A hard heart and clay feet

Dear President Biden,

I started this letter two days ago after what I think was already an unprecedented number of days in between letters and now that longer-than-usual-break is +2. I’ve just been so disgusted and dismayed by everything I’m seeing and reading that I’ve not been able, or really, willing to gather my thoughts into a standard, polite missive.

Here’s my start from the other day:

It’s hard to know what to say to you right now in the midst of the debacle that is your abrupt pull out from Afghanistan. As far as I can tell, you’re pretty much getting clobbered from all sides, including by those who agree with you that it’s well past time when we withdrew our military from that country. Oftentimes it’s how we do a thing that ends up biting us way harder than whatever the thing is that we set out to do in the first place and this seems to be what most of the editorialists and commenters are upset with you about – for good reason.

You didn’t have to set the timeline you did. You also didn’t have to ignore the copious warning signs that the Afghan forces and the government leaders were teetering on the brink of abject surrender. You didn’t have to order the draw down before those who need to get out, whatever country they might be from, actually had a chance to do so.

I really have no idea what you were trying to prove to whom (seriously, who was this performance for?), but from here it looks like an exercise to try and show some sort of decisive resolve/strength/tough-guyness to someone or someones – Putin? Xi? McConnell? Trump? Who? And if you weren’t driven by a desire to look decisive did you just panic and”

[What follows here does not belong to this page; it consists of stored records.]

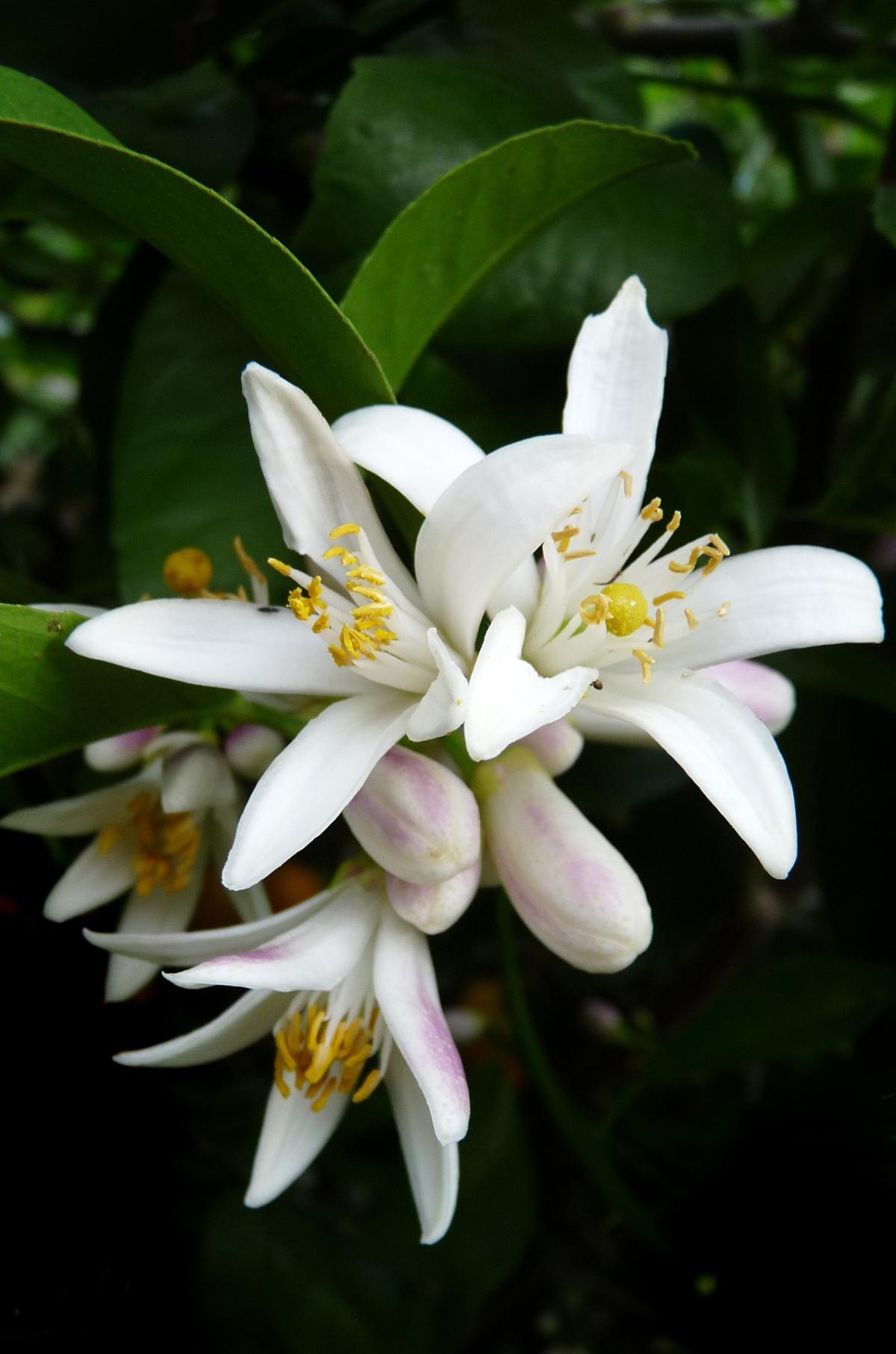 Blossoms on an indoor citrus tree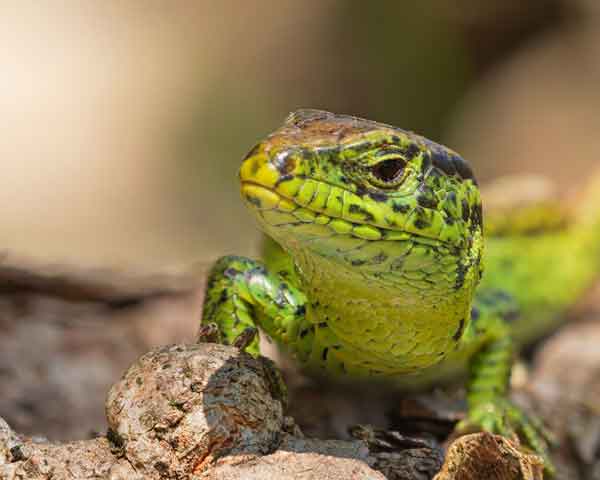 Herstart natuurherstelmaatregelen in het Holtingerveld. Het is een vervolg op de werkzaamheden die in 2019 al begonnen zijn. Het betekent even overlast. Maar het is wel van belang voor het behoud van de rijkdom van het open heidelandschap. Lees meer: bit.ly/2UXaHGT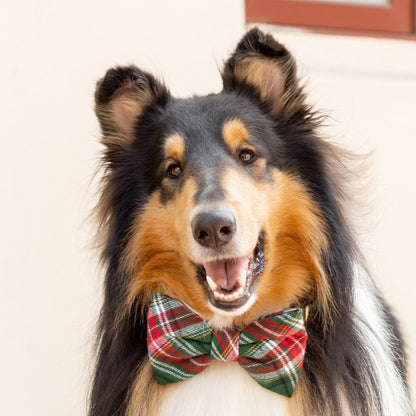 Red & Green Plaid Flannel Dog Collar with Removable Bow Tie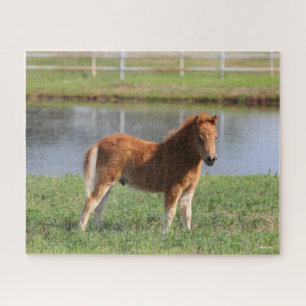 Bob Langrish   Pony Foal-Miniatur-Stehende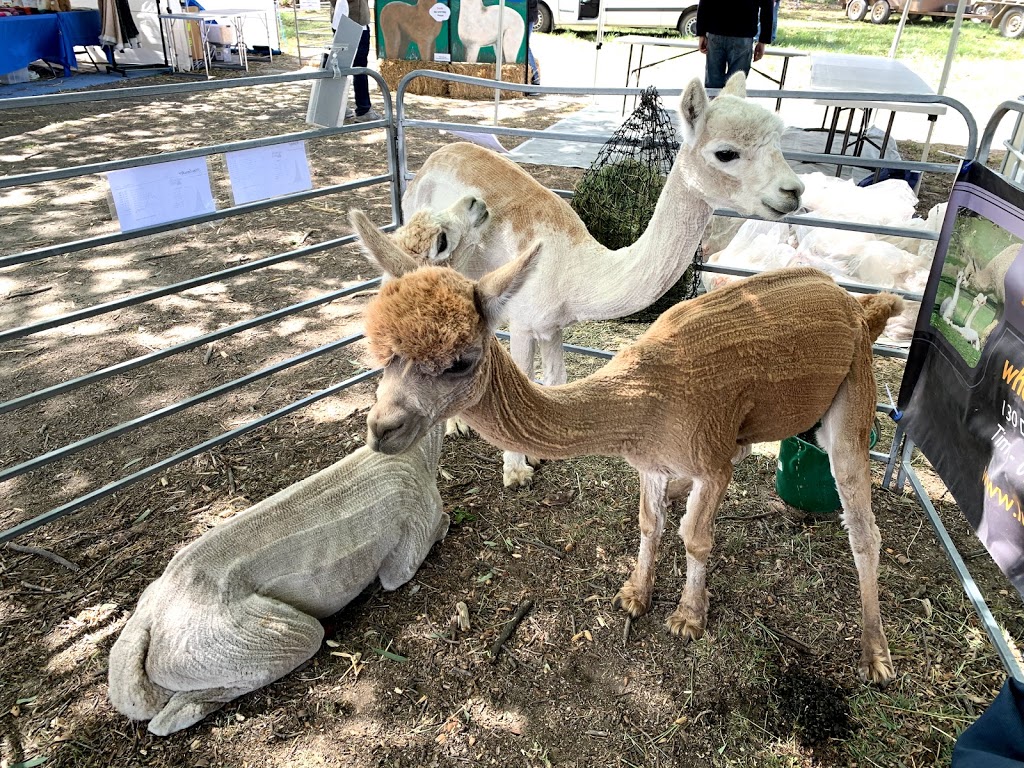 Murrumbateman Field Days | Recreation Grounds, 19 East St, Murrumbateman NSW 2582, Australia | Phone: (02) 6227 5895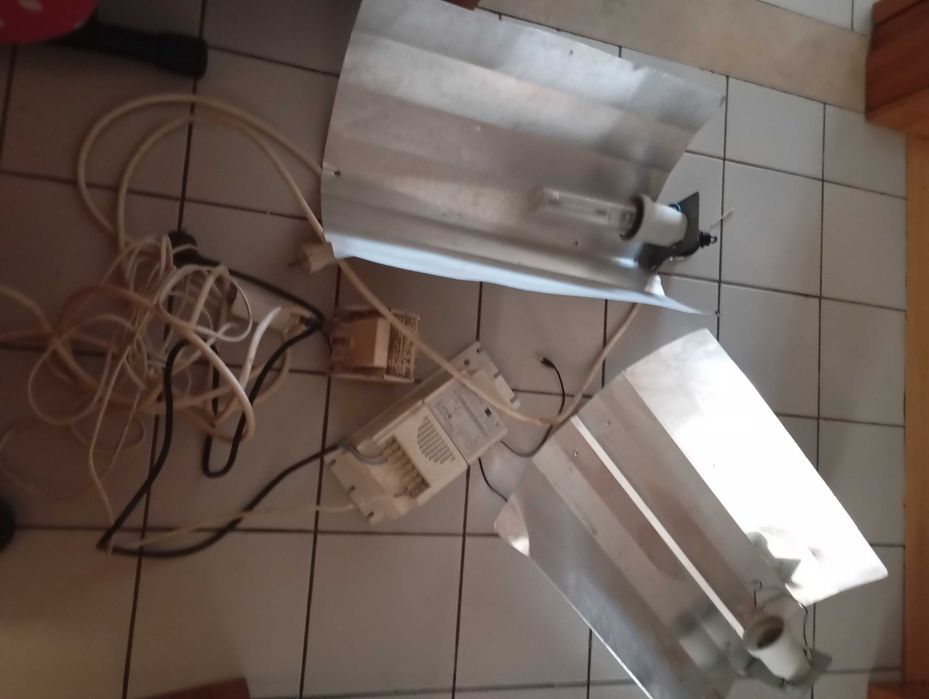 Cultivo outdoor..para plantas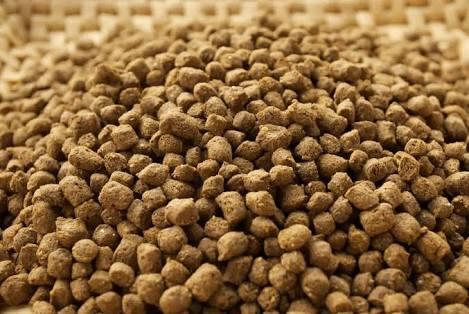 Mantan Presdir Aquafarm: 185 Ton Pelet per Hari Ditabur ke Danau Toba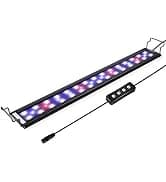 Horizon 8 Gallon LED Glass Aquarium Kit for Starters with 7W Power Filter Pump — collection imagery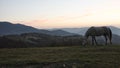 Horse pasture morning fog dew Royalty Free Stock Photo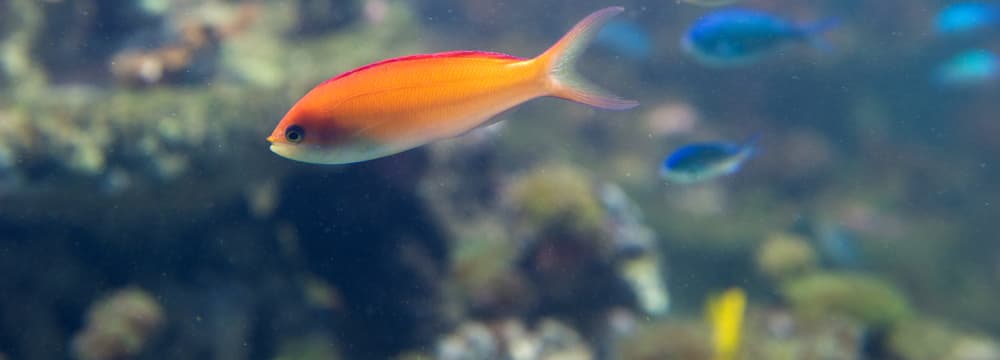 Foto: Zoo Zürich, Jean-Luc Grossmann Sichel-Fahnenbarsch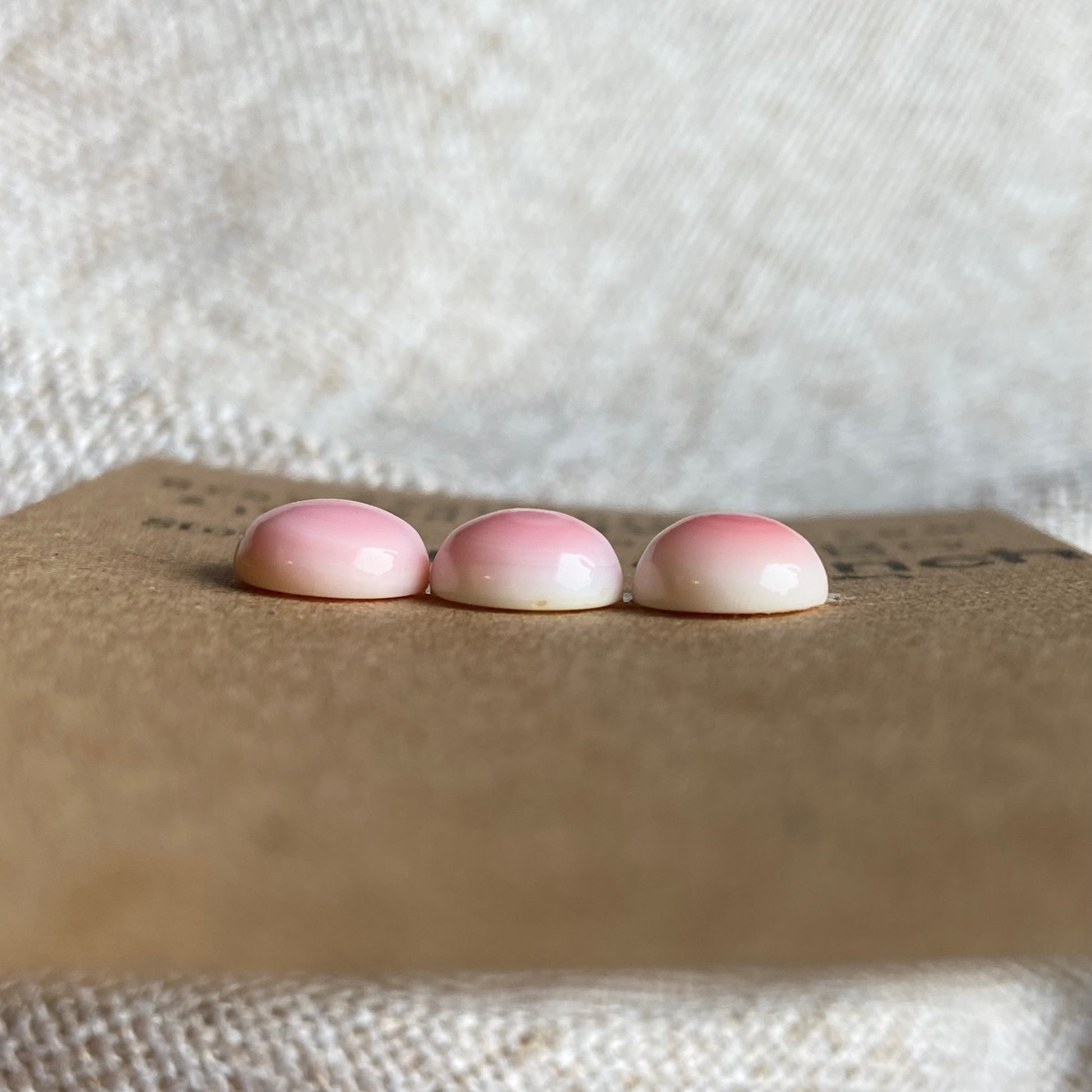 Pink Conch Cabochon - PC80 95713A57-87F9-4B07-BE03-ED9FB28B694C Brandedandwild.com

This is where I stopped on Tuesday so this is where I’ll pick up again….

Did you panic and pull the plug because you couldn’t think of anything else to do? I don’t think I’ve ever told you about the rather panicky impulse I used to have as a kid when I was waiting for an overdue bus, but sometimes it would get so bad that I’d almost talk myself into getting on whatever bus came next, no matter how far from my actual destination it might take me. I would just feel so out of control with the waiting and the uncertainty of it all that I’d want to do something, anything, even if it was stupid. I never did do that – I just thought it a lot. And obviously there’s about a million differences between a random teenage girl in Portland, OR thinking about resolving her late-bus-anxiety by getting on a patently wrong bus, and what has and is going down in Afghanistan on your watch, but did you panic?

In a way, I’d rather believe this is what happened than the logical alternative, which is looking increasingly likely as more historical background on your views on Afghanistan come to light. This is from Max Boot today from George Packer’s book Our Man: Richard Holbrooke and the End of the American Century:

“Holbrooke raised the costs of abandoning “the people who had trusted us.” Biden’s response: “F— that, we don’t have to worry about that. We did it in Vietnam, Nixon and Kissinger got away with it.””

You know, sir, you really can’t claim that empathy and compassion are your superpowers when you can switch them off like that and this is what we’re also hearing now from you.

Clearly you, all by your lonesome, didn’t start the spiral of events and the situation in Afghanistan, but as the leader of the country that did, you bring shame on us all by taking a cavalier, “we don’t have to worry about taking care of those who trusted us” position.

Had DJT done this, it would have been every bit as infuriating, but it wouldn’t have been the least bit surprising – he never pretended to give a rat’s ass about anyone who didn’t prop him up. I suppose seeing that the one who holds himself out as The Great Empathizer, The Compassionate Politician, The Humanitarian, is capable of such calculated hard-heartedness is just another veil that had to drop. And, I’ll admit, it’s a hard one to let go of.

May we all be safe from American imperialism.
May we all be willing and able to connect the logical dots like Rep. Barbara Lee did so long ago.
May we all have conditions that support our health and our strength.
May we accept that virtually all of our leaders have clay feet.